Few monitoring parameters are as important in the ICU as trends in physical monitoring. Physical monitoring parameters are vitals that are assessed with your eyes, finger tips, and ears, via observation, palpation, and auscultation. When assessing a patient with changes in their respiratory rate, your observation of the character of breathing and your auscultation findings can help you localize the problem (upper respiratory, large away disease, small airway disease, pleural space or parenchymal lung disease, or cardiac disease) to create a more accurate differential list and diagnostic plan or give you a rational place to start empiric therapy. Pulse quality and heart rate can tell us more about perfusion status than an isolated blood pressure reading.

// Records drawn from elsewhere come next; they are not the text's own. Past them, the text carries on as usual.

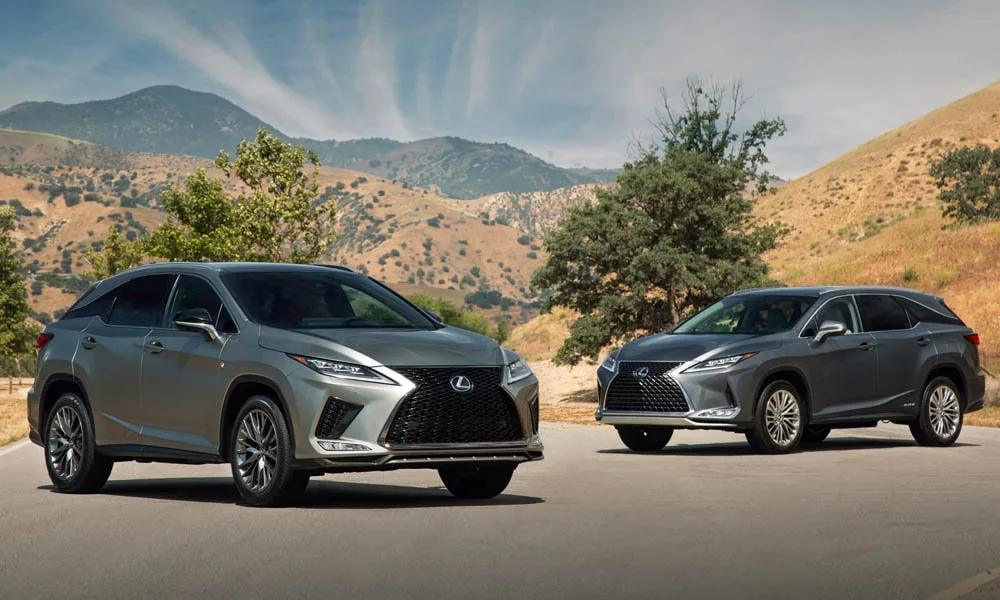 Фото Lexus RX 350L — вид спереди, фото 5. Передок в сером исполнении — крупная светотехника и выразительный бампер. Дневные ходовые огни включаются автоматически с запуском Lexus RX 350L — вид спереди, фото 5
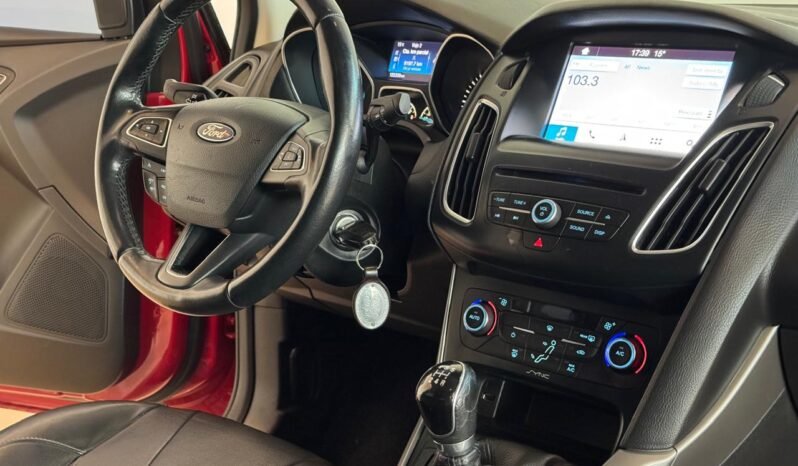 
								FORD FOCUS 2.0 SE PLUS MT 4P 2017 CON 125.000KM lleno									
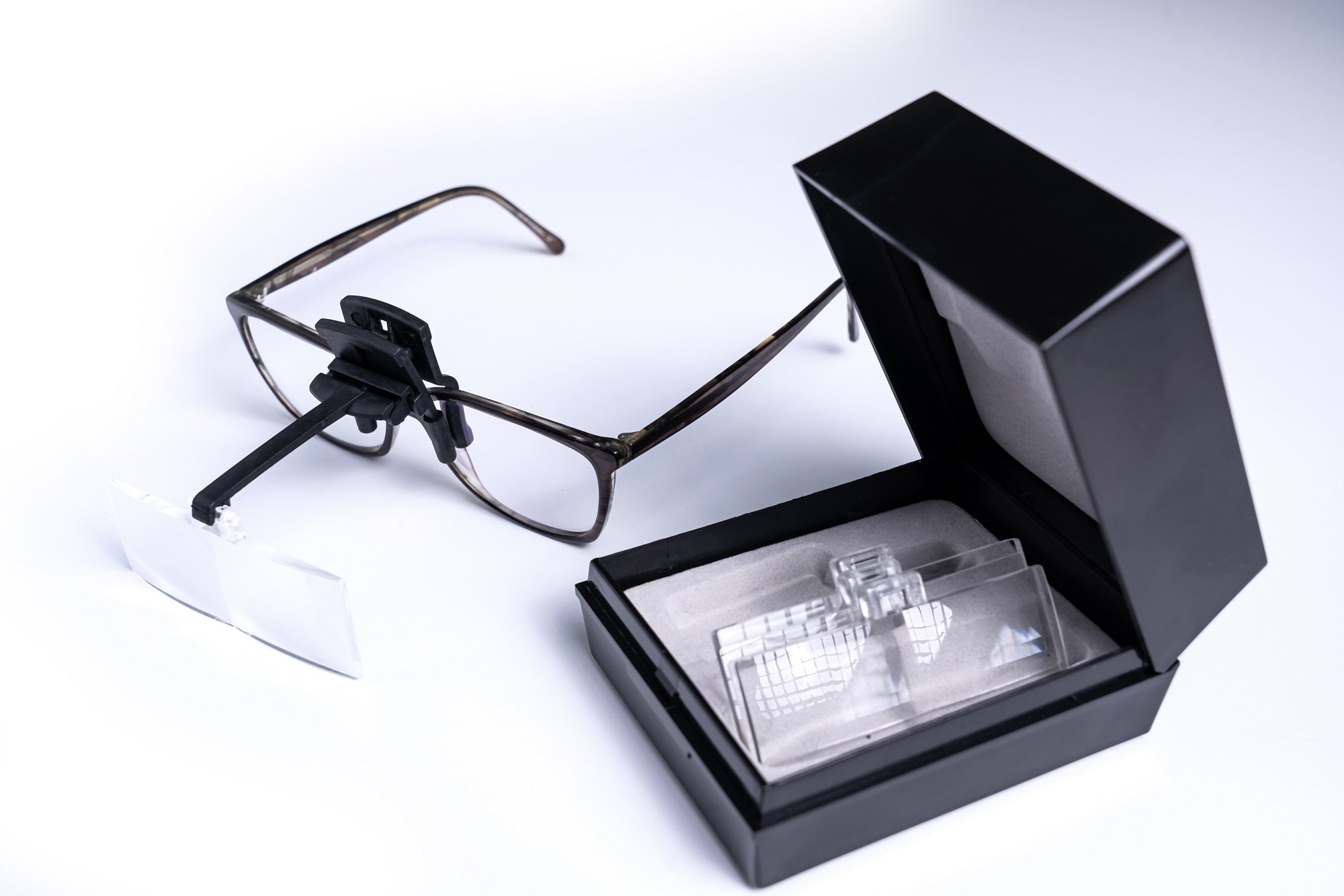 Daylight StarMag Clip-on Spectacle Magnifiers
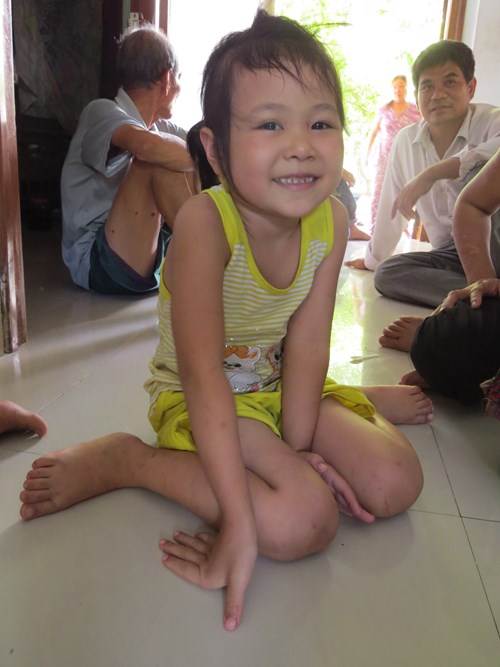 B&eacute; Thảo đ&atilde; trở về trong v&ograve;ng tay của gia đ&igrave;nh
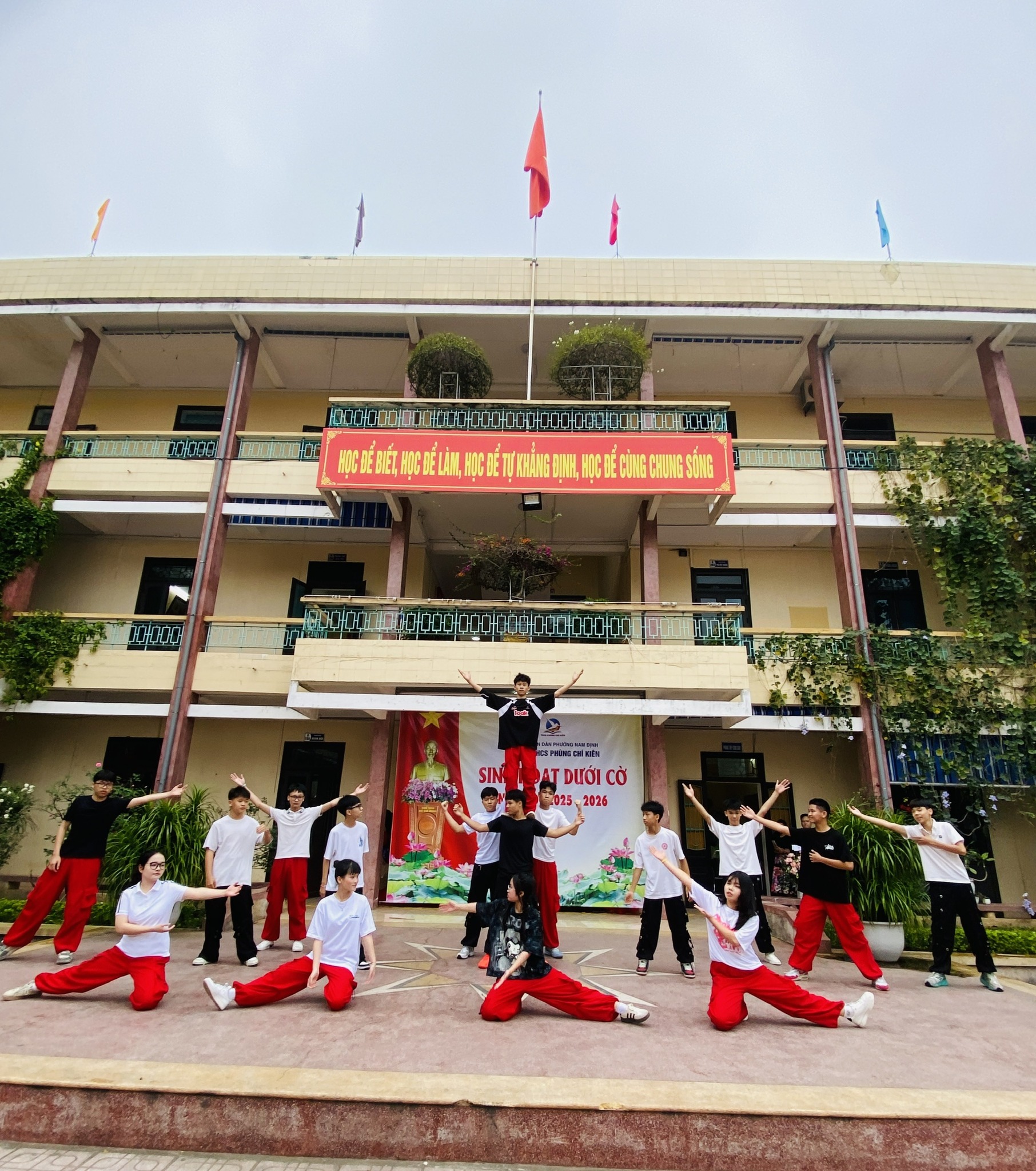 Trường THCS Phùng Chí Kiên ảnh 1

No technologic monitoring parameter can give you an impression of how the patient feels, but your observations can detect trends that more confidently suggest improvement or worsening. Is the cat purring today? Is he interactive in the front of his cage compared to hiding in the back? Did he greet his owners when they visited? Did he sniff at food with greater interest? In training new veterinarians, I find myself often reminding them of the importance of physical examination in monitoring trends.
I don’t suggest that we put technology aside, but let’s remind ourselves to harness the secret to Sherlock Holmes’ success and re-connect with our skills of observation.